Networks: Are We In or Are We Out?

Posted: August 12, 2008 by Steve Smith Filed under: Advertising Permalink

After months of major media brands like ESPN and Time Inc. threatening to pull their remant inventory out of the ad network commodities market, it turns out that most top drawer publishers are making even more use of ad networks this year than last. According to the new Interactive Advertising Bureau numbers, publishers went from selling 5% of inventory through networks in 2006 to 30% of inventory in 2007. Citing supply outpacing demand, the IAB also urged content providers to make smarter use of the inventory to keep CPMs hearty. The research showed that advertisers moving more of their budgets online were looking for the efficiencies and pricing that networks offered. Publishers, on the othe rhand, were not making use of yield management and multiple network vendors.

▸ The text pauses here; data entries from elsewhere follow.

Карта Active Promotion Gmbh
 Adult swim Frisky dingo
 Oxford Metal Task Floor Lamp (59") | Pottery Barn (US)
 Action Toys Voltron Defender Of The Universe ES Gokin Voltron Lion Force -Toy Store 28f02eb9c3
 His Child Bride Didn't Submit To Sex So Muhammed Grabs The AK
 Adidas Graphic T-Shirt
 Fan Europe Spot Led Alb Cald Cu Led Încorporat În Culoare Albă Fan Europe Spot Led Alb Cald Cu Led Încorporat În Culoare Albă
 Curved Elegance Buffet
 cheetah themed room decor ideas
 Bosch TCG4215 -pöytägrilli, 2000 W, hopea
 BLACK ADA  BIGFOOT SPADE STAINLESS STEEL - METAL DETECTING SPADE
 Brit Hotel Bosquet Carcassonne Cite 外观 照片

Ads sold through networks were priced at up to 90% discounts, which no doubt will exert even greater pressure on overall CPMs. What is the proper response to this erosion in ad value? It is hard to say at this early stage whether the publisher-branded vertical ad networks will make much of a dent in this trend. Nor is it clear how many publishers really will take their inventories entirely in-house. One ad network executive complained to me recently that the rhetoric from big brands about selling all their own online inventory and rejecting networks is a sham. He claims that many of them continue to use ad networks liberally even as they say that they don’t.

So, are adnetworks in or out? Was the “pork belly” dust up of a few months ago much ado about nothing? Are ad networks and branded media co-dependent? Or, conversely, are the major sites just not leveraging their own inventory very effectviely?